::: Provided data :::

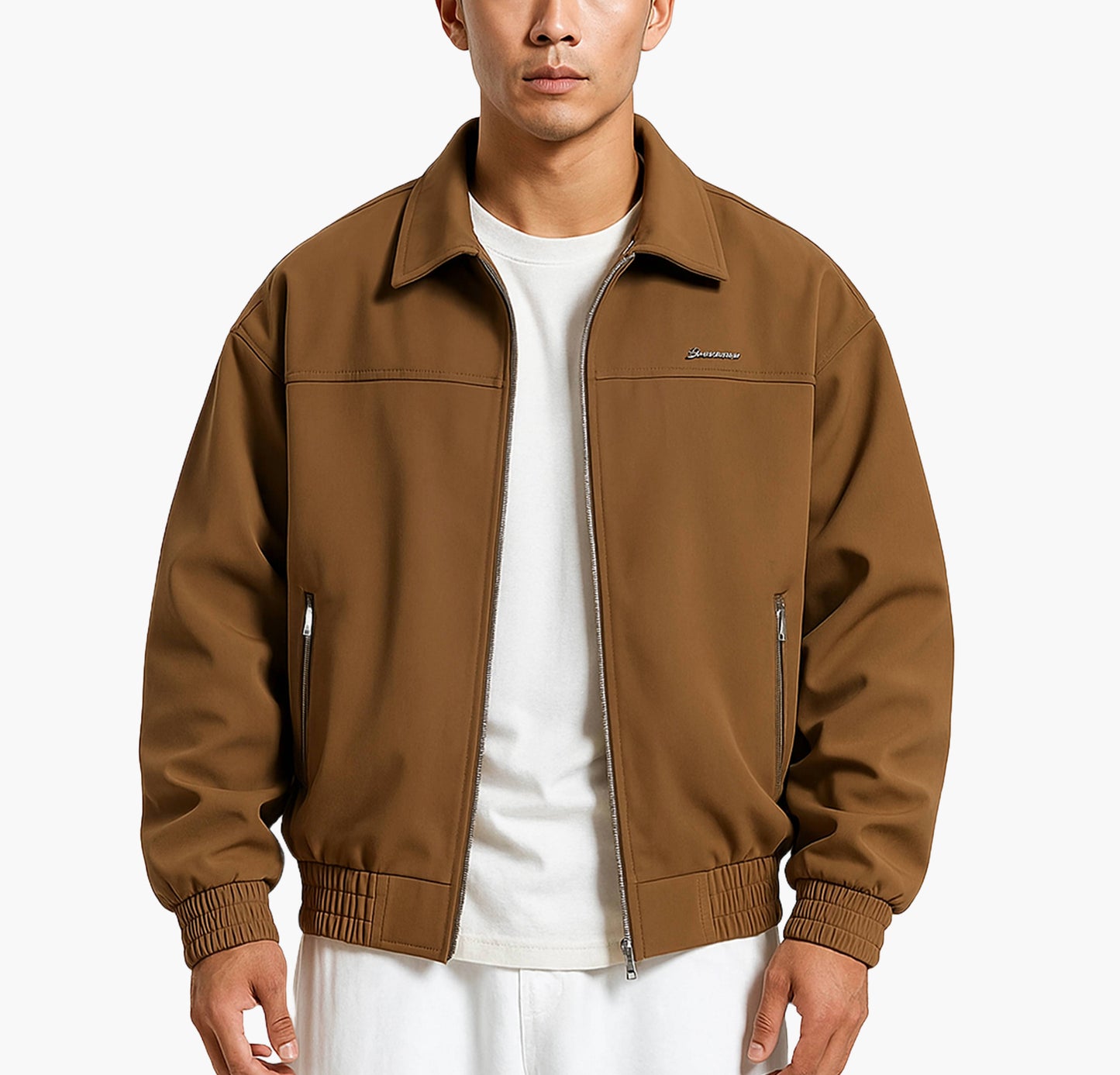 Men’s PU Leather Jacket – Turn-Collar Cleanfit Biker Coat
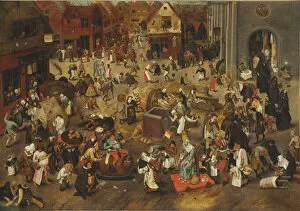 Images Dated 5th September 2014: The Fight Between Carnival and Lent. Artist: Bruegel (Brueghel), Pieter, the Elder (ca 1525-1569)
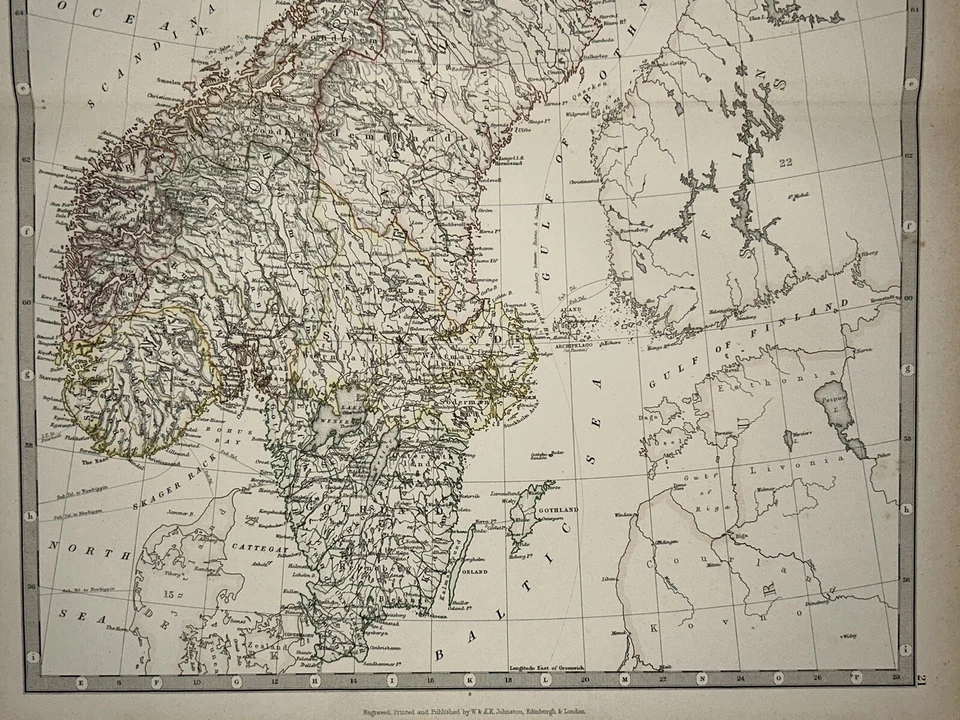 Mapa antiguo original coloreado a mano de Suecia y Noruega de 1889 de Johnston Foto 3 de 3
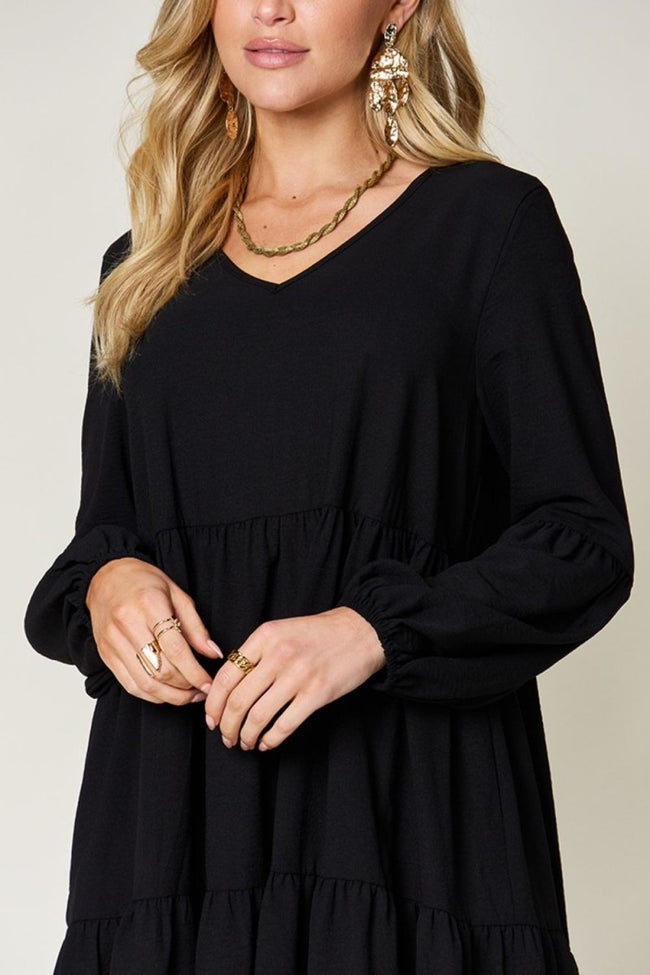 Double Take Full Size V - Neck Balloon Sleeve Tiered Dress with Pockets - Luxe Shopping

:::

* Try it: None of the pictures should be reproduced; all other material above must be set down exactly.

* Solution to the exercise:
 Men’s PU Leather Jacket – Turn-Collar Cleanfit Biker Coat
 Images Dated 5th September 2014: The Fight Between Carnival and Lent. Artist: Bruegel (Brueghel), Pieter, the Elder (ca 1525-1569)
 Mapa antiguo original coloreado a mano de Suecia y Noruega de 1889 de Johnston Foto 3 de 3
 Double Take Full Size V - Neck Balloon Sleeve Tiered Dress with Pockets - Luxe Shopping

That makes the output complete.